Sometimes, even those that use sophisticated risk analysis and modelling techniques only achieve partial success, and some become regret investments. Do you ever find that initiatives such as a revamp or the installation of a new process unit fall short of delivering the promised targets? For instance, do they fail to deliver the full yield or margin uplift that was indicated in the project valuation and feasibility studies?
This is an area in which Shell Global Solutions’ leadership team is acutely interested. For some time now, we have been scrutinising capital projects around the globe and have identified a series of key risks that the top performers successfully mitigate on their way to achieving project excellence.
Mitigating the risks is another matter, as, in our view, it requires the refiner to work with its strategic suppliers in a fundamentally different way with new levels of openness. A new paradigm is emerging.

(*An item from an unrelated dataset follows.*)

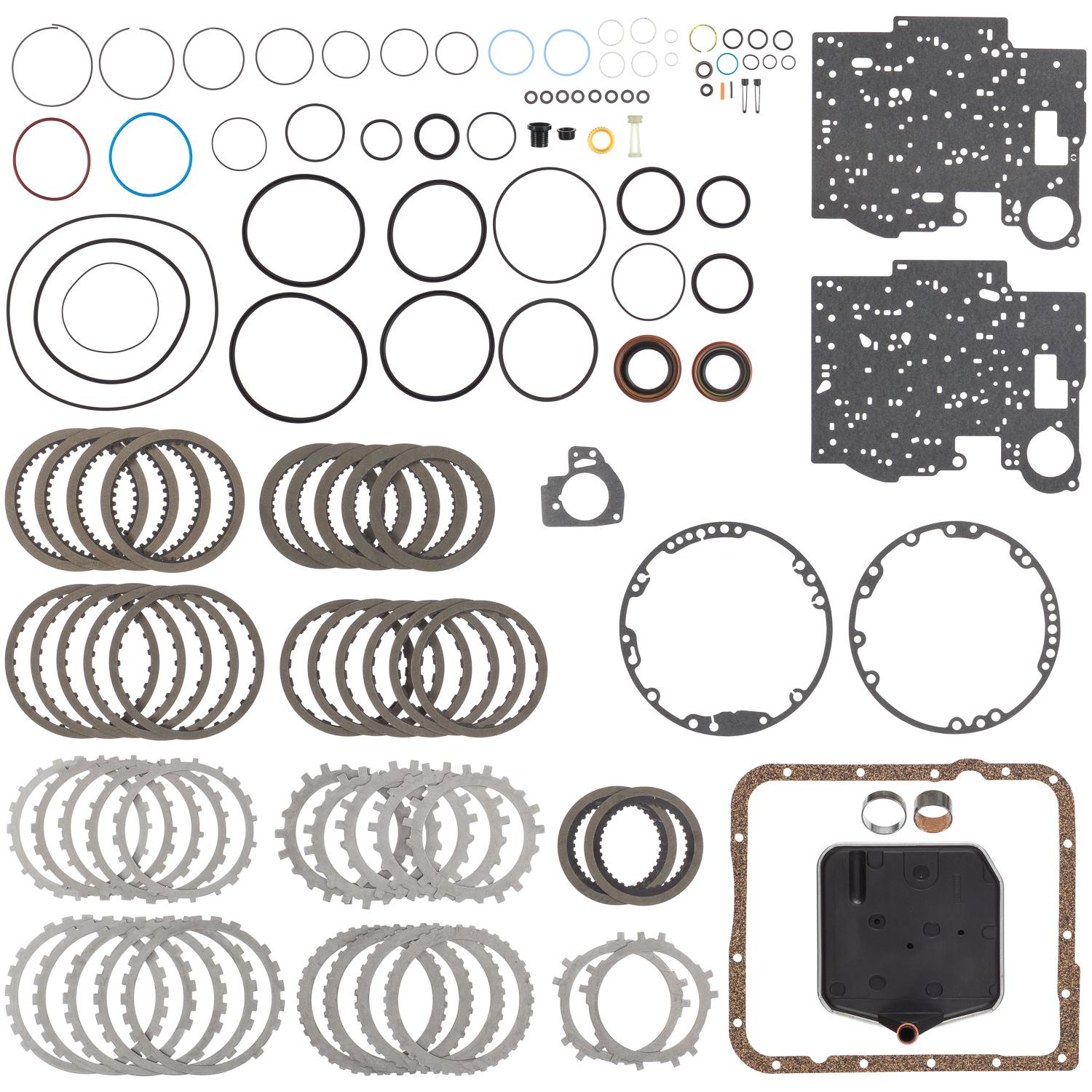 ATP MKP1380 - Auto Trans Master Repair Kit ATP MKP1380 Auto Trans Master Repair Kit product image 1 of 1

The conventional paradigm saw refiners issuing invitations to bid to prospective suppliers after defining the business case and locking in the technical specification themselves. Then they would go out to bidders and compare their proposals on the basis of price. The problems are, however, that refinery projects are complex and valuable investments, and that much of the overall value a project can deliver is built in at the start. The assumptions behind the business case and the decisions made during front-end development can make or break a project’s effectiveness.
In contrast, the emerging paradigm sees the refiner including its technology suppliers as an integral part of the project team. The refiner shares its business drivers and assumptions with the suppliers so that, together, they can develop a cost-optimised specification. They can jointly explore technical options and bring to bear experience and expertise from all parties to arrive at robust technical solutions.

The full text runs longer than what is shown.